RECORDS FOR THIS TASK Block Start
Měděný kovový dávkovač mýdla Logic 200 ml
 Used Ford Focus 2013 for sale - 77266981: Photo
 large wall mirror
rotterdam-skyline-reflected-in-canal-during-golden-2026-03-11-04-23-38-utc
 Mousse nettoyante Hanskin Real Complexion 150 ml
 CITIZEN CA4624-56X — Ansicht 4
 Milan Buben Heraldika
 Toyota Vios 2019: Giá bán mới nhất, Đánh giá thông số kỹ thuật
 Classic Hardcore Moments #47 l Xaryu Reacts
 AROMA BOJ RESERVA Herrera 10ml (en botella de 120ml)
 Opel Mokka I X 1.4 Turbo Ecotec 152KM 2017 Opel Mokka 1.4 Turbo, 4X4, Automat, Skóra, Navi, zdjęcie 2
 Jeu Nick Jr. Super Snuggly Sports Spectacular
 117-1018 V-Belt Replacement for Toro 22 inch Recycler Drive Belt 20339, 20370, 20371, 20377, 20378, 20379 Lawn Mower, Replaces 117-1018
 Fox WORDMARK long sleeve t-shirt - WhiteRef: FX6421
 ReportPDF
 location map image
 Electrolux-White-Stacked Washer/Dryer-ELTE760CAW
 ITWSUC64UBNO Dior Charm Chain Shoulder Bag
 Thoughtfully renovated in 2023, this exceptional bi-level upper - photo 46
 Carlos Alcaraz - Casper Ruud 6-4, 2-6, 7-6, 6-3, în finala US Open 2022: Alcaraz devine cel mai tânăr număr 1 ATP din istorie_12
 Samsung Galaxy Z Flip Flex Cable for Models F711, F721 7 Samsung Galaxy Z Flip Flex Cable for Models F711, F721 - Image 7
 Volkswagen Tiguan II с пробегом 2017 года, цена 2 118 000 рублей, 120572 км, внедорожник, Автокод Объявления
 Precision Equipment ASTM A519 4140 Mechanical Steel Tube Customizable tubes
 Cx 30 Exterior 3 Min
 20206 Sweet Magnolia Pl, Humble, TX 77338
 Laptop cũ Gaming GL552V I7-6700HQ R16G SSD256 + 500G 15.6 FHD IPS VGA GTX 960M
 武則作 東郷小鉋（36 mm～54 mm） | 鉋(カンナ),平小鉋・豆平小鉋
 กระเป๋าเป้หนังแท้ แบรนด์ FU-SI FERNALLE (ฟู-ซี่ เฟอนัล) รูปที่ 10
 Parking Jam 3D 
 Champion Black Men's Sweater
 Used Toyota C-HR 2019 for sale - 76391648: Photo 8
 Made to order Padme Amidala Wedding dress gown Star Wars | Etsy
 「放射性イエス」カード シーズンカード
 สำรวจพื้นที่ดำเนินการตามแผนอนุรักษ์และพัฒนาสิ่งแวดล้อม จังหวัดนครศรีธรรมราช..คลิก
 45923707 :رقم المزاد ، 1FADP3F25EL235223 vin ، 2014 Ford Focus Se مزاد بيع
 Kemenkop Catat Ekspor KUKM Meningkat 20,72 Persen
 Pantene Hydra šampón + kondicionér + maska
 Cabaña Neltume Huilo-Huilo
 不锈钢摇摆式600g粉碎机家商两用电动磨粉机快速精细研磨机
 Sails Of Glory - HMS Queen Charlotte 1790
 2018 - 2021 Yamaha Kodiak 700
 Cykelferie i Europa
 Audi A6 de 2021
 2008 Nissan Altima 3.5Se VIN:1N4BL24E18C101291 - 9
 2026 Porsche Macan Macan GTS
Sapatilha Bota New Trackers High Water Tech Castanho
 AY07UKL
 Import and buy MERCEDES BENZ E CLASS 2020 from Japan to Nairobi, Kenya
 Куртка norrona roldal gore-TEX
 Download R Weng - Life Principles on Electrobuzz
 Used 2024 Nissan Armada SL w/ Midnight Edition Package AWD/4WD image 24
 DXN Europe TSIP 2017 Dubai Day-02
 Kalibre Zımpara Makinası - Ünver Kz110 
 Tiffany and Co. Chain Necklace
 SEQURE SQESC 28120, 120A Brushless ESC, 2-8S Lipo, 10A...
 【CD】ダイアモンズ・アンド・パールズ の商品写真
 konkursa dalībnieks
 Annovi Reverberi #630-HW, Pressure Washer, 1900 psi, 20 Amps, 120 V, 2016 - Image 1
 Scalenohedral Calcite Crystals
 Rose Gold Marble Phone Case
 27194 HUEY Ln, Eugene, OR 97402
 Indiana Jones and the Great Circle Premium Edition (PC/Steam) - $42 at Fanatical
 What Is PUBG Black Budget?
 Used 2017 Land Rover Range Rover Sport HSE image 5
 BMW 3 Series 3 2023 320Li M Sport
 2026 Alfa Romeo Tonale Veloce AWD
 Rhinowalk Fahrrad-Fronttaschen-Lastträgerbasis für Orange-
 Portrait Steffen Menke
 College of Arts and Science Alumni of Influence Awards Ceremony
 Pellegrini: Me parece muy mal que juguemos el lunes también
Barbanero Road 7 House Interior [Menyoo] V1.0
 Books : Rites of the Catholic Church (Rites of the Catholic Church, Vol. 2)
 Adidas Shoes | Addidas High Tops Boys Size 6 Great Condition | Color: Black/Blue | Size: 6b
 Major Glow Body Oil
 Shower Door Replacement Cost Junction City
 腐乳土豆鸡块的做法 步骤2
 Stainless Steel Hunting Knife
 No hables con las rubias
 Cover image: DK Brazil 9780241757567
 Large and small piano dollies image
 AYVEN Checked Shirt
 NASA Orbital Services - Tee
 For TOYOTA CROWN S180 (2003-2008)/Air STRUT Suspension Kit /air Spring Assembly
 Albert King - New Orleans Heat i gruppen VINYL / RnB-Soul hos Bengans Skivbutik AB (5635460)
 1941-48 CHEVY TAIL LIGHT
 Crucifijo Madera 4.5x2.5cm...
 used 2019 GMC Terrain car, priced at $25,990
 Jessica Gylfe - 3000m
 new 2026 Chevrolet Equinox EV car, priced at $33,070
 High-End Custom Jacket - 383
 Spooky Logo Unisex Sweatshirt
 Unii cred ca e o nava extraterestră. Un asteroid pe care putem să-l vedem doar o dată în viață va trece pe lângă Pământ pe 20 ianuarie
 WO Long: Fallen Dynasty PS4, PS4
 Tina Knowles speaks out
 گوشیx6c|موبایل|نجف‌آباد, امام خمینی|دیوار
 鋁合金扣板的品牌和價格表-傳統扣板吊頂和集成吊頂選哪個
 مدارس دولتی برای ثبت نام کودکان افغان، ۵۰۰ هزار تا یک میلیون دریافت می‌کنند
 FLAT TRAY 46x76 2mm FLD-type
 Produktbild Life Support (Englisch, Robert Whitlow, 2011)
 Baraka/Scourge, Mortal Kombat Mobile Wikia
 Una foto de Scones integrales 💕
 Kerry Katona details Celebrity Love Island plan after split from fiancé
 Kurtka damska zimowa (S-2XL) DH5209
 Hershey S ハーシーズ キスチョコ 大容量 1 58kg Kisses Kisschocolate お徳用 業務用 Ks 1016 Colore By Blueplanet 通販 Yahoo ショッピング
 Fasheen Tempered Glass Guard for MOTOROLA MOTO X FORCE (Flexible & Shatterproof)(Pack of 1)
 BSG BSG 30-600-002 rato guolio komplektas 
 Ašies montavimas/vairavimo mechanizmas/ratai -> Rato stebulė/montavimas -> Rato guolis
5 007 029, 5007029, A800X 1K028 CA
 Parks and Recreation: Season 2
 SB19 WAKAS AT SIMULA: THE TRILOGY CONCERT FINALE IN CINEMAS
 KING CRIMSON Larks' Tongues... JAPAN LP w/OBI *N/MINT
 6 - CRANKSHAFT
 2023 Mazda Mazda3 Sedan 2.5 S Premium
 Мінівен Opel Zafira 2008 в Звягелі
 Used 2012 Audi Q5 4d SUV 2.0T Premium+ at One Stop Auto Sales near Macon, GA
RECORDS FOR THIS TASK Block End
Beginning with the line above that contains "Samsung Galaxy Z Flip Flex Cable for Models F711, F721 7", copy each line exactly up to and including the line that contains "2026 Alfa Romeo Tonale Veloce AWD", and go no further.

 Samsung Galaxy Z Flip Flex Cable for Models F711, F721 7 Samsung Galaxy Z Flip Flex Cable for Models F711, F721 - Image 7
 Volkswagen Tiguan II с пробегом 2017 года, цена 2 118 000 рублей, 120572 км, внедорожник, Автокод Объявления
 Precision Equipment ASTM A519 4140 Mechanical Steel Tube Customizable tubes
 Cx 30 Exterior 3 Min
 20206 Sweet Magnolia Pl, Humble, TX 77338
 Laptop cũ Gaming GL552V I7-6700HQ R16G SSD256 + 500G 15.6 FHD IPS VGA GTX 960M
 武則作 東郷小鉋（36 mm～54 mm） | 鉋(カンナ),平小鉋・豆平小鉋
 กระเป๋าเป้หนังแท้ แบรนด์ FU-SI FERNALLE (ฟู-ซี่ เฟอนัล) รูปที่ 10
 Parking Jam 3D 
 Champion Black Men's Sweater
 Used Toyota C-HR 2019 for sale - 76391648: Photo 8
 Made to order Padme Amidala Wedding dress gown Star Wars | Etsy
 「放射性イエス」カード シーズンカード
 สำรวจพื้นที่ดำเนินการตามแผนอนุรักษ์และพัฒนาสิ่งแวดล้อม จังหวัดนครศรีธรรมราช..คลิก
 45923707 :رقم المزاد ، 1FADP3F25EL235223 vin ، 2014 Ford Focus Se مزاد بيع
 Kemenkop Catat Ekspor KUKM Meningkat 20,72 Persen
 Pantene Hydra šampón + kondicionér + maska
 Cabaña Neltume Huilo-Huilo
 不锈钢摇摆式600g粉碎机家商两用电动磨粉机快速精细研磨机
 Sails Of Glory - HMS Queen Charlotte 1790
 2018 - 2021 Yamaha Kodiak 700
 Cykelferie i Europa
 Audi A6 de 2021
 2008 Nissan Altima 3.5Se VIN:1N4BL24E18C101291 - 9
 2026 Porsche Macan Macan GTS
Sapatilha Bota New Trackers High Water Tech Castanho
 AY07UKL
 Import and buy MERCEDES BENZ E CLASS 2020 from Japan to Nairobi, Kenya
 Куртка norrona roldal gore-TEX
 Download R Weng - Life Principles on Electrobuzz
 Used 2024 Nissan Armada SL w/ Midnight Edition Package AWD/4WD image 24
 DXN Europe TSIP 2017 Dubai Day-02
 Kalibre Zımpara Makinası - Ünver Kz110 
 Tiffany and Co. Chain Necklace
 SEQURE SQESC 28120, 120A Brushless ESC, 2-8S Lipo, 10A...
 【CD】ダイアモンズ・アンド・パールズ の商品写真
 konkursa dalībnieks
 Annovi Reverberi #630-HW, Pressure Washer, 1900 psi, 20 Amps, 120 V, 2016 - Image 1
 Scalenohedral Calcite Crystals
 Rose Gold Marble Phone Case
 27194 HUEY Ln, Eugene, OR 97402
 Indiana Jones and the Great Circle Premium Edition (PC/Steam) - $42 at Fanatical
 What Is PUBG Black Budget?
 Used 2017 Land Rover Range Rover Sport HSE image 5
 BMW 3 Series 3 2023 320Li M Sport
 2026 Alfa Romeo Tonale Veloce AWD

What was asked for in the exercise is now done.